Structural tailoring of semiconducting tetrazine polymers based immobilizing matrix for superior electronic biosensing of carcinoembryonic antigen

Immobilizing matrix plays a crucial role in anchoring the receptors of target biomolecules and enhancing the sensing capability of biosensor. Howbeit, the immobilization platforms that induce stable molecular interactions with the receptors without the need for harsh reaction conditions (covalent bonding) are rare. Herein, we report the design, development and application of novel semiconducting one-dimensional (1D) tetrazine polymers (TTz, PhTTz, PhAlkTz) as immobilizing matrices for electronic biosensing of carcinoembryonic antigen (CEA), a cancer biomarker. The polymers are fully loaded with electron-deficient tetrazine units (nitrogen-rich), which develop strong hydrogen bonding (H-bonding) interactions and effectively immobilize the bioreceptor (anti-CEA).
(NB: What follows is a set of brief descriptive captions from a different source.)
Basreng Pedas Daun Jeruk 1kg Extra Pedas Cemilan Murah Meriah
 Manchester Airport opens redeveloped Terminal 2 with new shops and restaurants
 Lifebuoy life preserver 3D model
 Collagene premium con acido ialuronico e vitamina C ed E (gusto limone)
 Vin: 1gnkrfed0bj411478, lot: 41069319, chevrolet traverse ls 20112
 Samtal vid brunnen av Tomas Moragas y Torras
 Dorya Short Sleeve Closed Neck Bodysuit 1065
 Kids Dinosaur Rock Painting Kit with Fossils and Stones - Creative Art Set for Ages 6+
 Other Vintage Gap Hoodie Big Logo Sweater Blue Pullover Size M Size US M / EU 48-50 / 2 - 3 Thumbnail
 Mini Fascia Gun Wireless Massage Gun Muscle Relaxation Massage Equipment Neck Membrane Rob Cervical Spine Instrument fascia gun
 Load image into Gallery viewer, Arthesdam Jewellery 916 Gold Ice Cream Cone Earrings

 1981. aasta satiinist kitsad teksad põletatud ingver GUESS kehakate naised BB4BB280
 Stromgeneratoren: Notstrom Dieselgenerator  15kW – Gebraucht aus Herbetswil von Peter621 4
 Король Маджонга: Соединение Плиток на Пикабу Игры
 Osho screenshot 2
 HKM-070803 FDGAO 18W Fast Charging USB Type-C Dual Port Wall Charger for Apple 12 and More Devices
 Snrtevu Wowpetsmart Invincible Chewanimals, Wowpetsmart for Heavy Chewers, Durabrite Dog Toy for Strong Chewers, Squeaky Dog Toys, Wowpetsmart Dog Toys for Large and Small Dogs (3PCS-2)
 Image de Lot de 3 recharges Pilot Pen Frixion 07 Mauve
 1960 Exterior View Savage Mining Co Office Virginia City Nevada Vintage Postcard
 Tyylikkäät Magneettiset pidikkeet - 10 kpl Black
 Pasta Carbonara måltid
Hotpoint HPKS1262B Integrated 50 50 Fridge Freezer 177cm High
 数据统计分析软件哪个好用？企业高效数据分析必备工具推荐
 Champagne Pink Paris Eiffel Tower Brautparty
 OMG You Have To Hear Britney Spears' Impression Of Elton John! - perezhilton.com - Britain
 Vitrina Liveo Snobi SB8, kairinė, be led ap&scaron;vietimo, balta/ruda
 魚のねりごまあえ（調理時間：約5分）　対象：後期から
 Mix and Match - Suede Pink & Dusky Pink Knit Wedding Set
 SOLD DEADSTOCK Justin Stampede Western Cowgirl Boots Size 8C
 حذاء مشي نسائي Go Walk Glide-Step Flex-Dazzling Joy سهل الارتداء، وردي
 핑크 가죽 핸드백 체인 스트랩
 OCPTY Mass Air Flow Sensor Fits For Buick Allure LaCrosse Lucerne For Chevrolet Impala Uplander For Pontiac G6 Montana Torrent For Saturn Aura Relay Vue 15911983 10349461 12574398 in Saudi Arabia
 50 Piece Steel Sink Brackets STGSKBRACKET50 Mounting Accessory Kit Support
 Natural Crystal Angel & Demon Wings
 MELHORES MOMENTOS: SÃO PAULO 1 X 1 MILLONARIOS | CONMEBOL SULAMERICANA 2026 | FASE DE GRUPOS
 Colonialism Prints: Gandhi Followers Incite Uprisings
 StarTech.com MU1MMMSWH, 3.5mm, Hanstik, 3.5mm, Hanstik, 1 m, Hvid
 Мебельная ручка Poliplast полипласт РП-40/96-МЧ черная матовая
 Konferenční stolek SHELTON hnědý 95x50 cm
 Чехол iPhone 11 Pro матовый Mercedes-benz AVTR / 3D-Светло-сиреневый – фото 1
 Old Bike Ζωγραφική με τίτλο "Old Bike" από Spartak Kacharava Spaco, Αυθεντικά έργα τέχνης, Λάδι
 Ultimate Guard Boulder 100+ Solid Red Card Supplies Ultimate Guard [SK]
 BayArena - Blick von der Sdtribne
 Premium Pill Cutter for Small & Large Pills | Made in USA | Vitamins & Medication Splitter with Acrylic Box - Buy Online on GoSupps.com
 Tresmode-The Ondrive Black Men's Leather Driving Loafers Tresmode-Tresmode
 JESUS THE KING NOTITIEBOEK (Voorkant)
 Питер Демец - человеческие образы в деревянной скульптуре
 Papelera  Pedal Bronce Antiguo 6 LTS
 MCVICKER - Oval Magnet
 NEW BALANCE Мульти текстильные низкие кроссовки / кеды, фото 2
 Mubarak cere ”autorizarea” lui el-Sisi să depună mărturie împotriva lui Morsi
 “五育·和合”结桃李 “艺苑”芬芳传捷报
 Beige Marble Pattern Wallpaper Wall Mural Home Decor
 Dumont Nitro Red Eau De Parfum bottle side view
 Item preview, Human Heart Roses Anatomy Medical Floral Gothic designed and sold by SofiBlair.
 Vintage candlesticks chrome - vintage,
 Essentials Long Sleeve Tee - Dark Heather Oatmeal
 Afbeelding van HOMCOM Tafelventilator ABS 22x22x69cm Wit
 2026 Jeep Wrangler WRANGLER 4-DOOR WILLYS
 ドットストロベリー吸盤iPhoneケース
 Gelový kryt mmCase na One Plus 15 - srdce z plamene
The sensor comprises reduced graphene oxide (rGO) as the base conducting layer and tetrazine polymers as immobilizing matrices for the CEA antibodies. The rGO/TTz/anti-CEA, rGO/PhTTz/anti-CEA, rGO/PhAlkTz/anti-CEA sensors exhibited 3.5 to 34.16 mu A, 2.2 to 34.89 mu A, 1.1 to 39.27 mu A responses, respectively, for 1 pg/ml to 200 ng/ml of CEA. The sensors' (TTz, PhTTz, and PhAlkTz) sensitivities, selectivities and stabilities are found to be better than that of previously reported partially tetrazine loaded polymer (PhPTz). The study discloses the presence of H-bonding in tetrazine units is highly critical for superior sensing. The concept of utilizing N-rich tetrazine units in the immobilizing platforms can be generalized to several other hetero-atom based systems and polymers. Thus, a wide variety of novel immobilizing substrates can be developed to realize superior sensing performance.